Artisan June 4, 2009 at 2:37 am

When it comes to literary art, people make me laugh!

What idiot has ever read a book and then claimed “this is a good book BECAUSE it promotes my creativity!? Or BECAUSE its sales raise the level of GNP?”

Mises can do better than fight such straw man. To analyze copyright justification under consideration of such general “democratic” fulfilment is not … intelligent.

Books (except for coloring books perhaps) have not that PURPOSE, whatever Stalin or Mommy said. Books have only the individual purpose that an author puts into them through the publication of the combined words that are printed in it. There is no such thing as a common purpose for books to be defined by the law if you believe in free will.

JD California has thus no specific claim of raising the level of creativity in society (who should care about that level? How do you measure it?)… on the contrary, his action seems rather stupid to me.

This being said of course, Mr California should be allowed to read his great “stimulus” to his mom or to his friends w\o being bothered by “innovation” sniffing dogs.

Patent of course, is a different pair of shoes, as they are grounded on a general PURPOSE. The monopoly they get granted obviously infringes on the rights of others to freely follow that common purpose.

newson June 4, 2009 at 9:59 am

arguing against particular conditions of copyright along utilitarian lines is a useless exercise. it’s either right or wrong. five years or ninety-five, the pure arbitrariness of it all must give ip supporters cause to wonder.

Ben Ranson June 4, 2009 at 10:09 am

Mr. Salinger would do well by imitating Cervantes.

When another author published a sequel to Don Quixote, Cervantes responded by mocking the bogus sequel in his own Don Quixote Part II. Then, to ensure that no other authors would write further adventures of the Knight of the Sorry Face, Cervantes killed his protagonist at the end of the novel.

Ron June 4, 2009 at 10:32 am

I recently read a book by Stephen King which was based on what I thought was a very interesting premise…one that showed enormous potential for expansion.

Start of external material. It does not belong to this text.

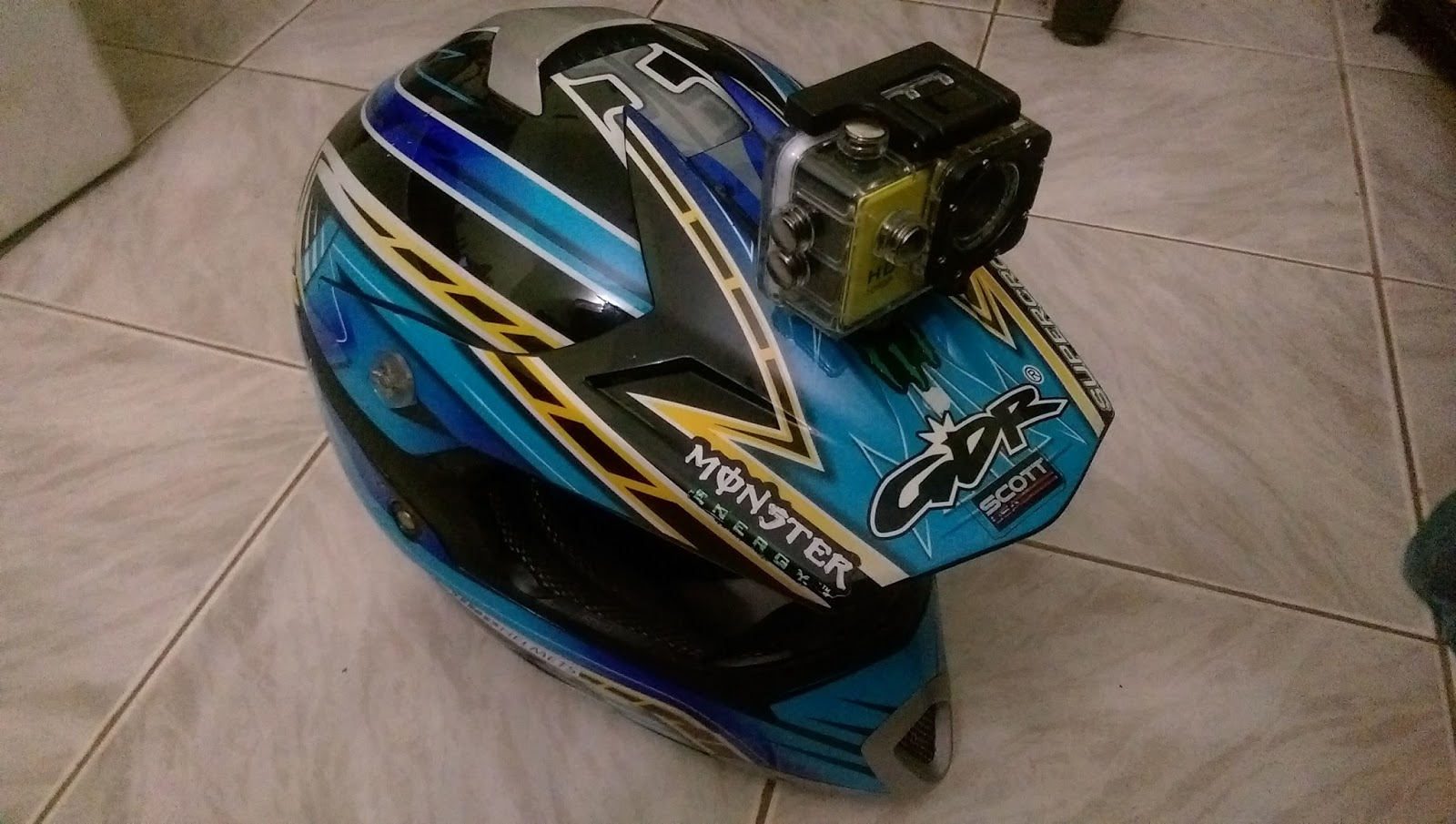 [40+] Bike Helmet For Sale In Sri Lanka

Unfortunately, thanks to copyright, it’s likely that none of those possibilities will ever be explored.

Loss to society, or protection of the author’s “rights”?

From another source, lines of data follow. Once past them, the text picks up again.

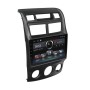 Штатная магнитола Incar PGA2-1820 для Kia Sportage 2008-2010 cond фото 2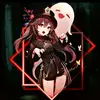 Luis stark - @luisstark.99 - TikTok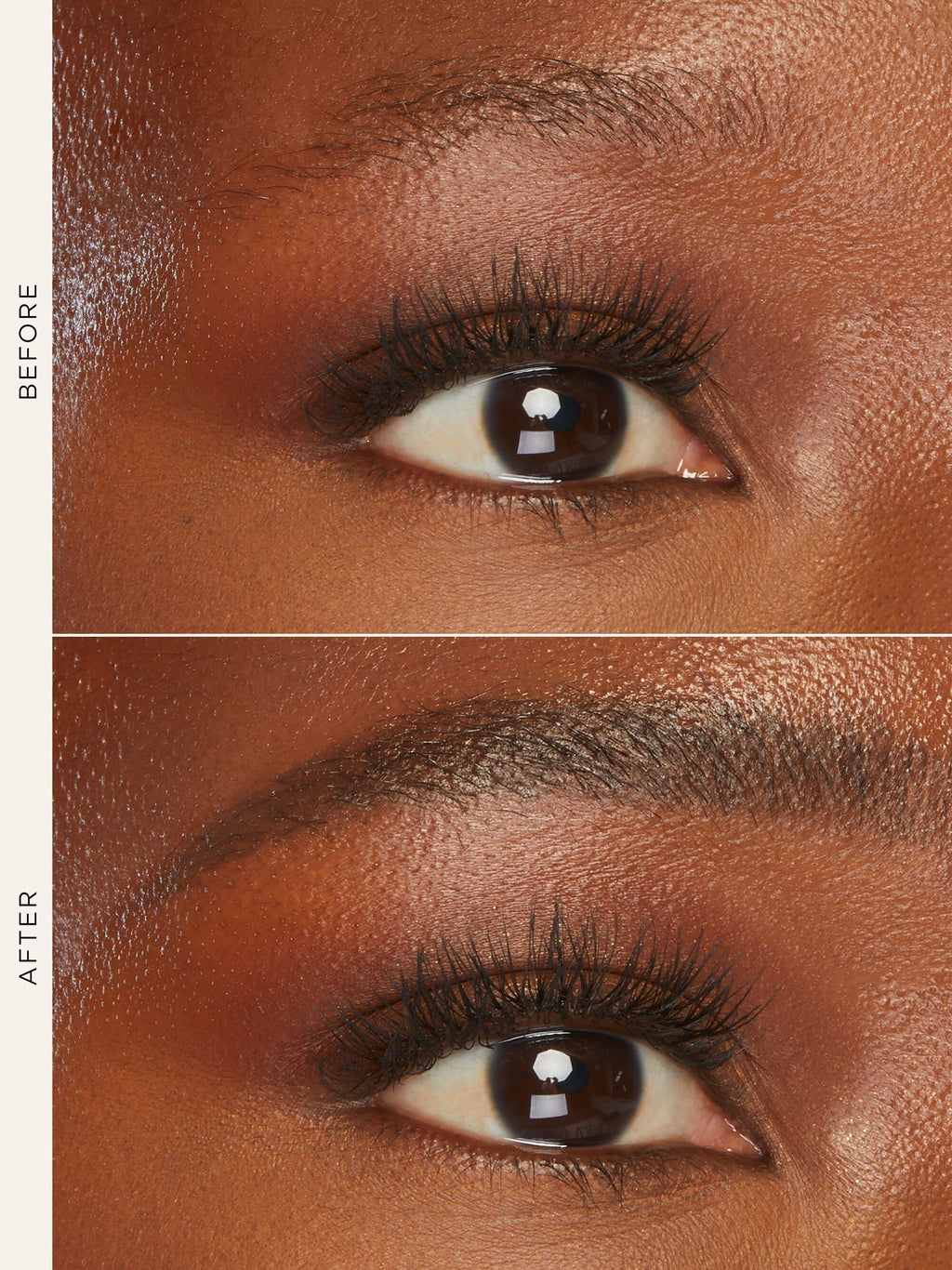 maracuja juicy brow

Renegade Division June 5, 2009 at 9:27 am

Interesting article. I was thinking about the copyright on characters the other day, and I was wondering if Libertarians can run a GNU kind of movement for copyrighted characters.

That is some sort of web service which has creative commons characters, free for anyone to be used in their Creative Commons or copyrighted novels.

In addition to that, I was wondering if it was possible to create your own version of Holden Caufield which is free from copyright?

Lemme take a more known example, say Harry Potter.
Say HP is English, so your character is African American. His name is Tyron Shielder.
He went to a school of magic called “Oliva Magic School” in Africa, in the deep jungles of Tanzania.
He is a favorite of Headmaster ‘Abdul Dilshan’, and its his destiny to fight the Evil Magic King “One who has no name”. and so on.

Now I understand when courts look at copyright issues what they look at is, how close is a character from the claimed copyrighted character. The various similarities etc etc.
So we basically bring our creative common character to as close as original, without falling into the limit of copyright violation.

My question is if we then spread the character as the “Creative Commons” version of Harry Potter(even lets say there are no similarities between Harry Potter, and Tyron Shielder, except for the talk on blogosphere), and we allow anyone to use the character and write their own fan fiction, or their own novels, would that be possible in any way??

Secondly if a website were to do something like that, will it be doing anything illegal(considering that the website owners themselves haven’t written any fiction using their character, but they just describe the character, maybe put an illustration at max)?